Sur les conclusions tendant à l'application de l'article L. 761-1 du code de justice administrative et de l'article 37 de la loi du 10 juillet 1991 relative à l'aide juridique :
6. Il y a lieu, dans les circonstances de l'espèce, de faire application de ces dispositions et de condamner l'Etat à verser la somme de 1 200 euros, à Me Berdugo, avocat de M. B..., à condition qu'il renonce à la part contributive de l'Etat à l'aide juridictionnelle, au titre des frais exposés par M. B... et non compris dans les dépens.
D E C I D E :
Article 1er : Le jugement n° 2012442 du 29 octobre 2020 de la magistrate désignée par le président du tribunal administratif de Paris est annulé.
Article 2 : L'arrêté du préfet de police du 11 août 2020 est annulé.
Article 3 : Il est enjoint au préfet de police de réexaminer la situation de M. B... et de lui délivrer une autorisation provisoire de séjour, dans le délai d'un mois.
Article 4 : L'Etat versera à M. B... la somme de 1 200 euros au titre de l'article L. 761-1 du code de justice administrative et de l'article 37 de la loi du 10 juillet 1991.
Article 5 : Le présent arrêt sera notifié à M. A... B... et au ministre de l'intérieur.
Copie en sera adressée au préfet de police.
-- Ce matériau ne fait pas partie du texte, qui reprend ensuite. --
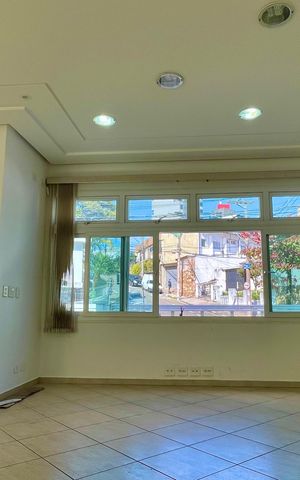 Casa à venda com 380m², 4 quartos e 4 vagas Casa à venda com 380m², 4 quartos e 4 vagasSala 1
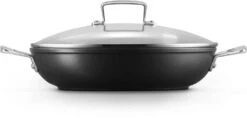 Le Creuset Hapjespan Met Deksel - Les Forgées TNS - ø 28 Cm / 3.2 Liter - Standaard Anti-aanbaklaag -Le Creuset Winkel LC 20190624 ZS PS FS 51107280010502 003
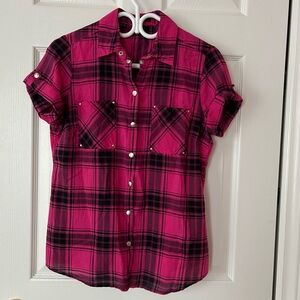Pink plaid short sleeve button down shirt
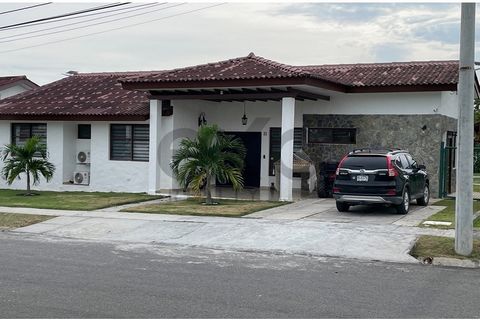 Découvrez l’opportunité de vivre dans une magnifique maison dans un quartier résidentiel privé à Piedras Gordas, Panama Oeste. Cette propriété offre une retraite parfaite avec une superficie habitable de 188,23 mètres carrés. Située sur un terrain de...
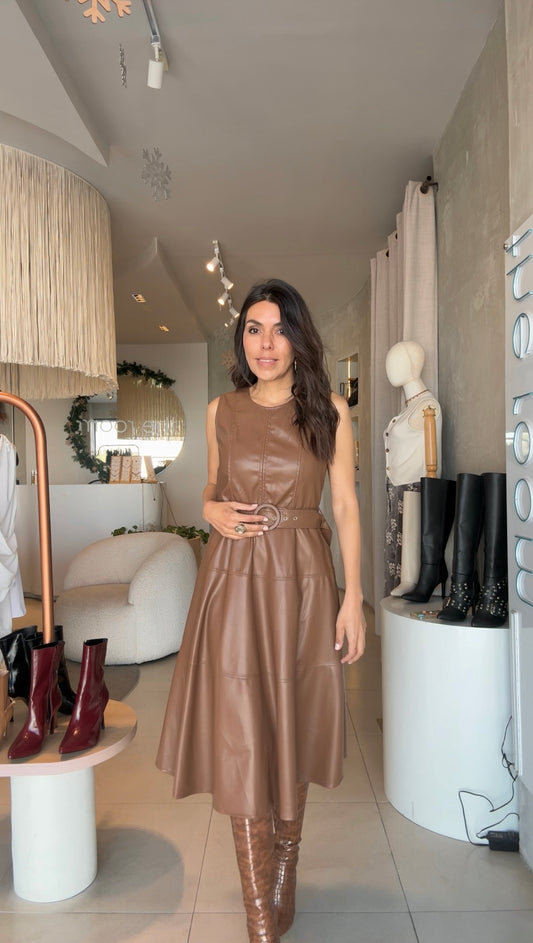 Vestido vinipiel café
Délibéré après l'audience du 24 septembre 2021, à laquelle siégeaient :
- M. Soyez, président,
- M. Simon, premier conseiller,
- Mme Fullana, première conseillère
Rendu public par mise à disposition au greffe, le 15 octobre 2021.
Le rapporteur,
C. SIMONLe président,
J.-E. SOYEZLa greffière,
C. DABERT
La République mande et ordonne au ministre de l'intérieur en ce qui le concerne ou à tous huissiers de justice à ce requis en ce qui concerne les voies de droit commun contre les parties privées, de pourvoir à l'exécution de la présente décision.